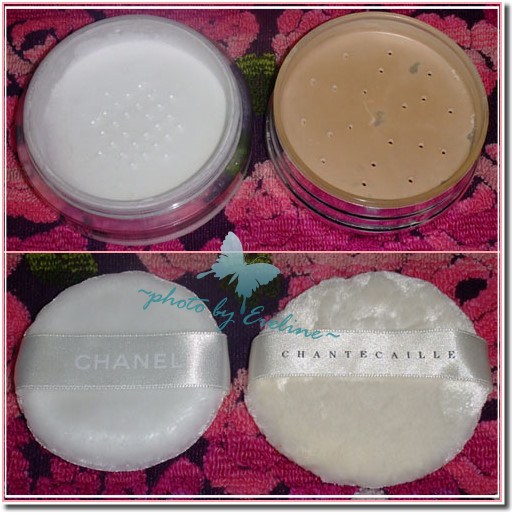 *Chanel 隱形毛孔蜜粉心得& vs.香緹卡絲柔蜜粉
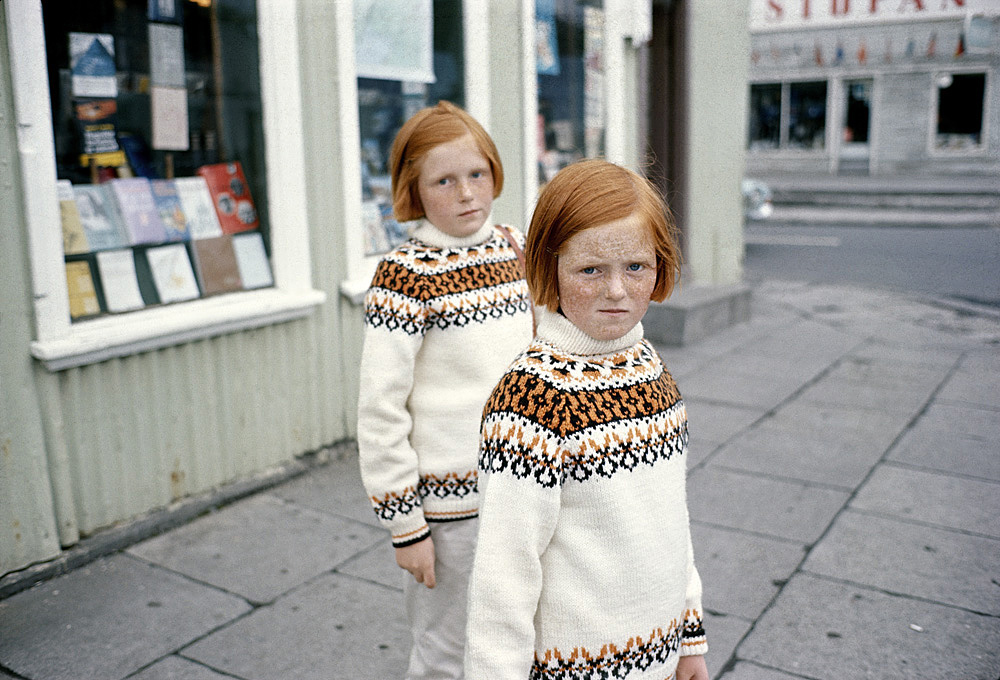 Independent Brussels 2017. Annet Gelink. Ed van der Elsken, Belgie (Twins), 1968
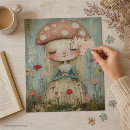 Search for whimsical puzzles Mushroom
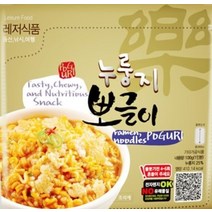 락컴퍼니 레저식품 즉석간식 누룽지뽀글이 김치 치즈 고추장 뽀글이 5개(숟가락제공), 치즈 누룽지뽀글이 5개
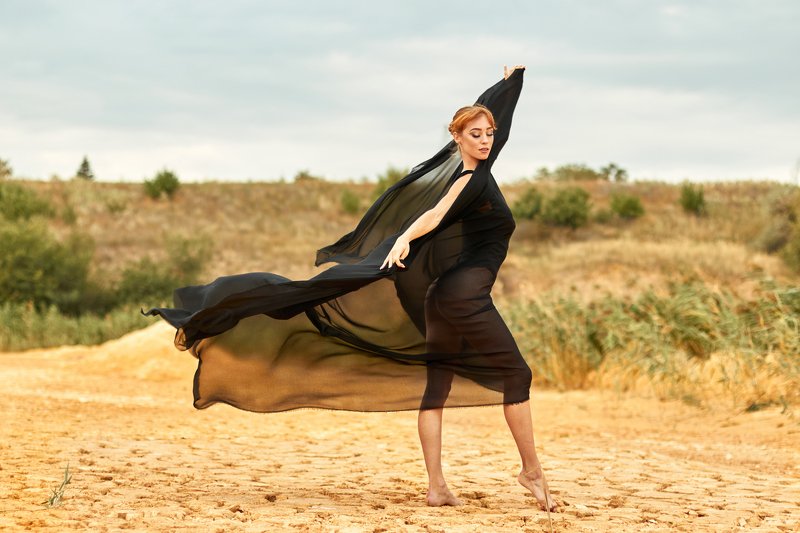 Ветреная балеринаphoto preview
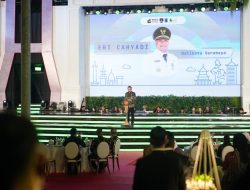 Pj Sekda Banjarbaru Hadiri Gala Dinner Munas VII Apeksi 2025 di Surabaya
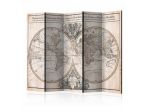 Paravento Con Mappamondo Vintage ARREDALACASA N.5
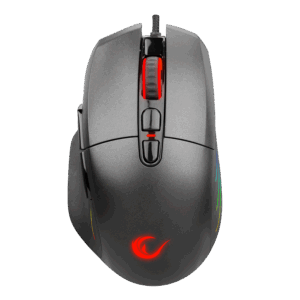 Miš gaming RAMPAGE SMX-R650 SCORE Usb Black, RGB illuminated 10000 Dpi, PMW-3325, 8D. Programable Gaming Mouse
^^^^^^^^^^^^^^^^
§ What you are asked to do
The span to retype runs from the line containing "락컴퍼니 레저식품 즉석간식" through the last line of the listing above, both ends included; copy it exactly, without pictures.

§ The answer
 락컴퍼니 레저식품 즉석간식 누룽지뽀글이 김치 치즈 고추장 뽀글이 5개(숟가락제공), 치즈 누룽지뽀글이 5개
 Ветреная балеринаphoto preview
 Pj Sekda Banjarbaru Hadiri Gala Dinner Munas VII Apeksi 2025 di Surabaya
 Paravento Con Mappamondo Vintage ARREDALACASA N.5
 Miš gaming RAMPAGE SMX-R650 SCORE Usb Black, RGB illuminated 10000 Dpi, PMW-3325, 8D. Programable Gaming Mouse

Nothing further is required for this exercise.